Growing Premier League Debts

Discussion in 'Personal Articles' started by outlaw_member, Jan 7, 2010.

  1. outlaw_member

    outlaw_member New Member

    As the recession brought the worldwide economy to a near grinding halt, the Premier League seemed to be resilient to the hardship faced by most other financial quarters. On the surface of things, English clubs were spending more then ever and a newly negotiated TV deal had ensured that revenues were at an all time high. Rich benefactors from around the globe had arrived on the English shores with aspirations of making a profit, as clubs were sold like hot cakes after being promised the grandeur of trophies and Champions League football. Following the blue print set by the current Chelsea owner Roman Abramovic, 10 Premier League outfits were subsequently bought by investors over the course of the noughties decade, all with the common objective of financing their clubs to the sweet muzzy feeling of success. The plan was sound in theory but just how feasible was it?

    The first English club be taken over in the new wave of private investment was Chelsea FC who parked their tanks on the lawns of many European clubs, whilst proceeding to fire banknotes at just about anything that moved. Consequently, Abramovic amassed a disposal of some of the finest players in the world to help execute his aggressive strategy. With the controversial and flamboyant Jose Mourinho at the helm, together they won two back-to-back Premier League titles and consolidated a Champions League spot. The Russian had auspiciously accomplished just about everything he had hoped for, but at what cost? A £340 million debt owed to himself was recently written off and turned into equity, as he acquiesced a gargantuan loss from his footballing entity. So, if the most successful philanthropist in Premier League history was unable to make a profit after seven years of significant success, then what chance was there for his fellow businessmen at making a tangible return on their investments?
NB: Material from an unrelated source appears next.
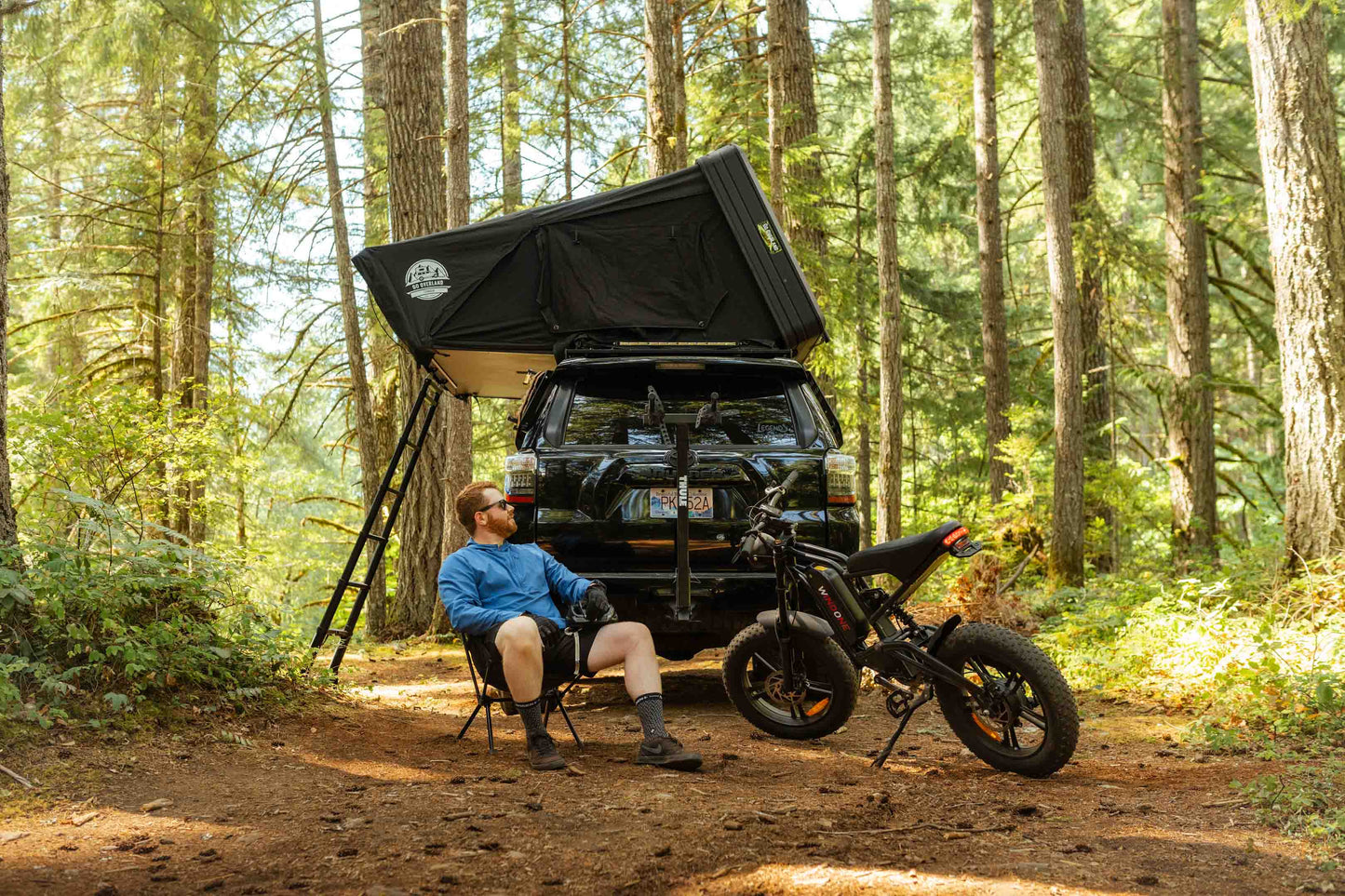 Expedition Max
    Another club whose nouveau riche status was intended to propel them to the zenith of football was Man City, who throughout their history had lived in the shadow of their superior city rivals, Man Utd. The arrival of an Abu Dhabi Investment Group soon filled the rhapsodic fans with hope as their commitment and ambitions were seemingly intertwined with those who supported the club. On the very first day after completing the takeover, the group broke the British transfer record by shelling out £32.5 million on the Brazilian superstar, Robinho. Less then a year later, the club posted an annual loss of £92.6 million which excluded an outlay of near £70 million that had been placed on several other new signings. Like many other over ambitious entrepreneurs, they had overextended the clubs natural resources in an attempt to create the infrastructure and status other clubs had spent the best part of their existence trying to develop. A method which had all too often been proven to be disastrous in the long run, as spiraling debts and unsustainable expenses eventually caught up on the careless men that were in charge.
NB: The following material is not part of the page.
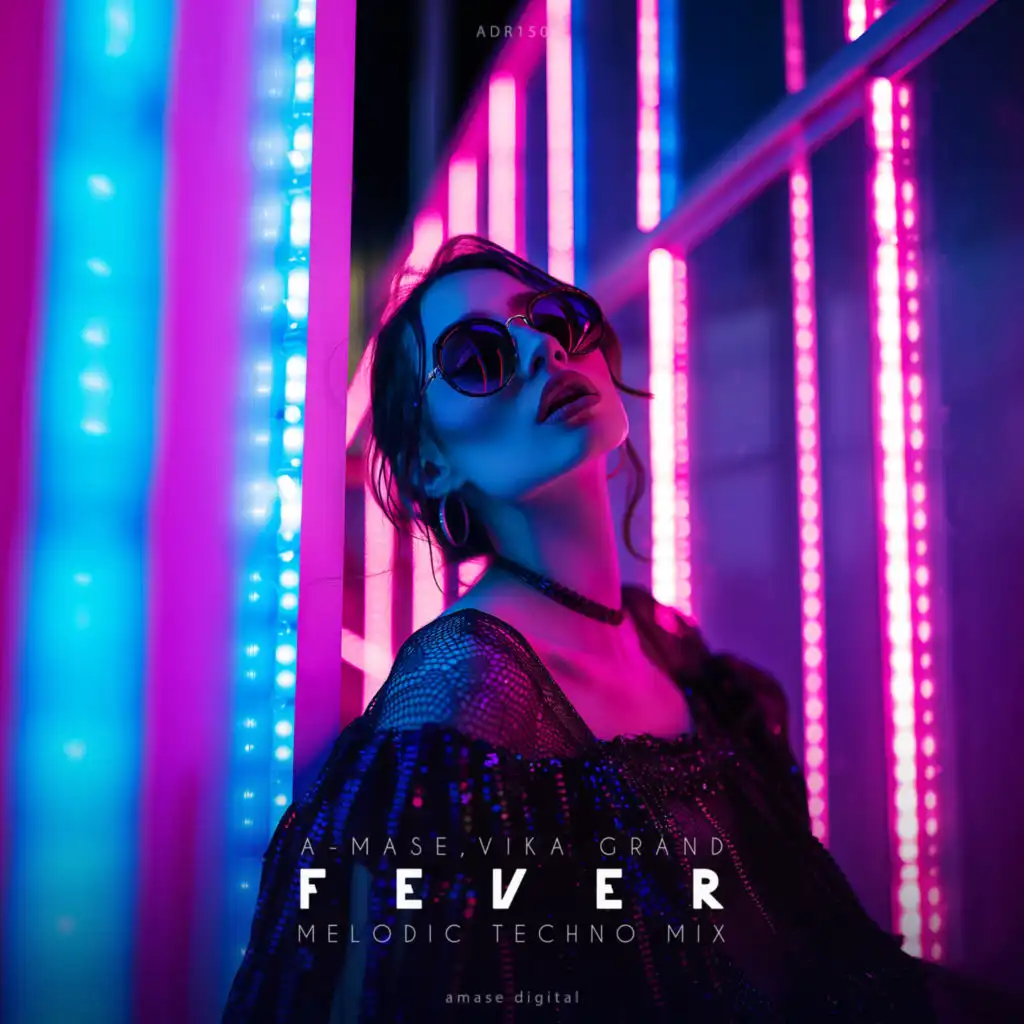 Fever Remix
    The potential repercussions were perfectly illustrated on the Italian peninsula after similar imprudent management imploded several of their clubs. Quite easily the leading European league between the late 80’s and early 00’s, the Serie A encompassed many great players for large fees at high wages. From Ruud Gullit to Gaizka Mendieta, Italian clubs on the whole expended like there was no tomorrow and the most prominent cheque-book was owned by the Roman club, SS Lazio. Whom under the guidance of Sergio Cragnotti broke several transfer records in the pursuit of the sport's greatest stars. As the money started to dry up and Cragnotti’s position became untenable after a scandal involving an unrelated company, he soon left Lazio with hefty debts which had been accumulated from their extravagant expenditure. Eventually, they were forced to sell all of their major assets as the 2000 Scudetto winners regressed down the Italian hierarchy. The fortunes of their rivals Fiorentina was no different as their mounting debts effectively saw them become bankrupt and ultimately ceasing them to exist, until they were fortunately re-established back into the fourth tier of Italian football under a new owner.

    Such is the dangers of spending beyond your means and the recent conduct of certain clubs who have whittled down their expenses has at least suggested that the risks have been conceived. Despite, the potential consequences that lie in wake, many fans celebrate and even hope for the possibility of getting their very own sugar daddy in order for a short term fix. Yet, it’s the fans who will be left picking up the broken pieces once the owners decide to withdraw. There is no shortcut to success and like a number of major clubs, it takes hard work and the constant development of the infrastructure to reach the standards that these owners have promised to achieve with a quick cash injection.